Latvija in brief - 2004-04-08

  • 2004-04-08
A team of Latvian specialists will travel to Egypt to train local scientists and archeologists in the use of three dimensional scanners and assist in the creation of a scientific center that would use the hi tech equipment.

The group has previously worked in Egypt's Karnak Temple. Plans for an expedition to Iraq are also in the works, where the group's leader, the Frenchman Bruno Deslandes, wants to scan ziggurats in Ur.

Headquarters for the Defense of Russian Schools, or Shtab, an organization that opposes Latvia's coming education reform, has promised a protest of 50,000 schoolchildren in the near future. Shtab has been one of the fiercest opponents of the planned educational reform, which will begin this September, when 60 percent of classes must be conducted in Latvian starting in the 10th grade.

Prime Minister Indulis Emsis has asked Economy Minister Juris Lujans to examine the government's settlement with TeliaSonera on the state telephone company Lattelekom. The settlement was agreed upon shortly before Einars Repse, the previous prime minister, left office. Emsis has said he would like to make the agreement public despite warnings that such a move could lead to international litigation.

The Health Ministry has asked the Belarusian pharmaceutical company Belmedpreparati to cover expenses incurred in treating Latvians who became ill after taking Belarus-made Ascophen-P painkillers.
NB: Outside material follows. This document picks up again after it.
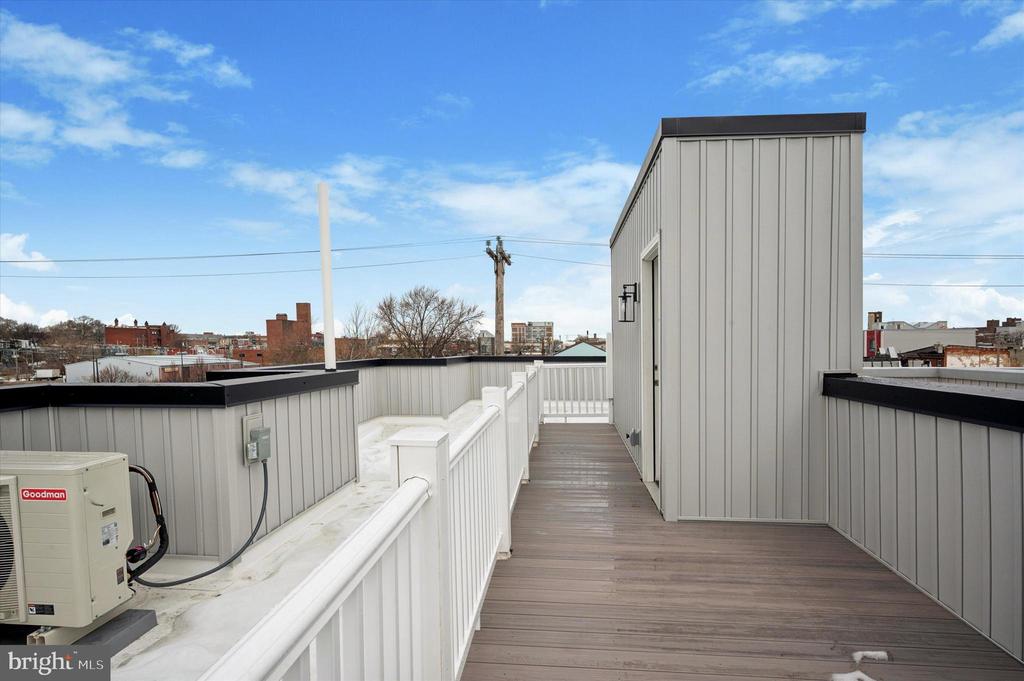 214 W CUMBERLAND STREET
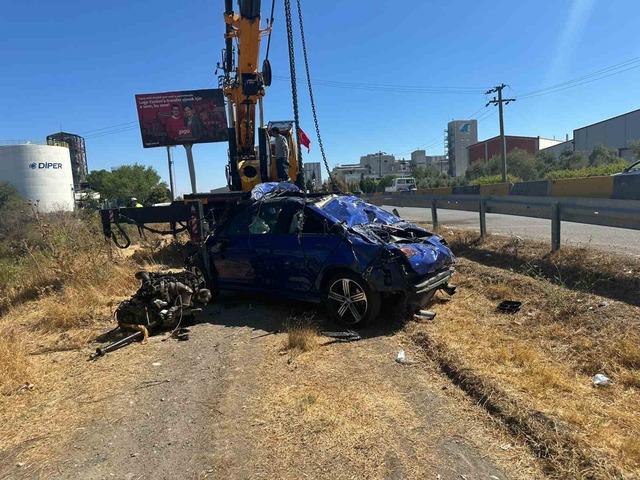 İzmir’de otomobil akarsu havzasına uçtu: 1 ölü, 2 yaralı 2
Belmedpreparati painkillers allegedly led to the hospitalization of 24 people last month. The subsequent health care expenditures cost the Latvian state over 10,500 lats (16,000 euros). A study is being carried out to determine the exact composition of the pills.

Former Prime Minister Einars Repse put a series of his paintings on exhibit in the southwestern city of Liepaja under the title "Unfinished Studies" at the modern art gallery K Maksla. Repse will share the gallery with another artist, Aija Zarina.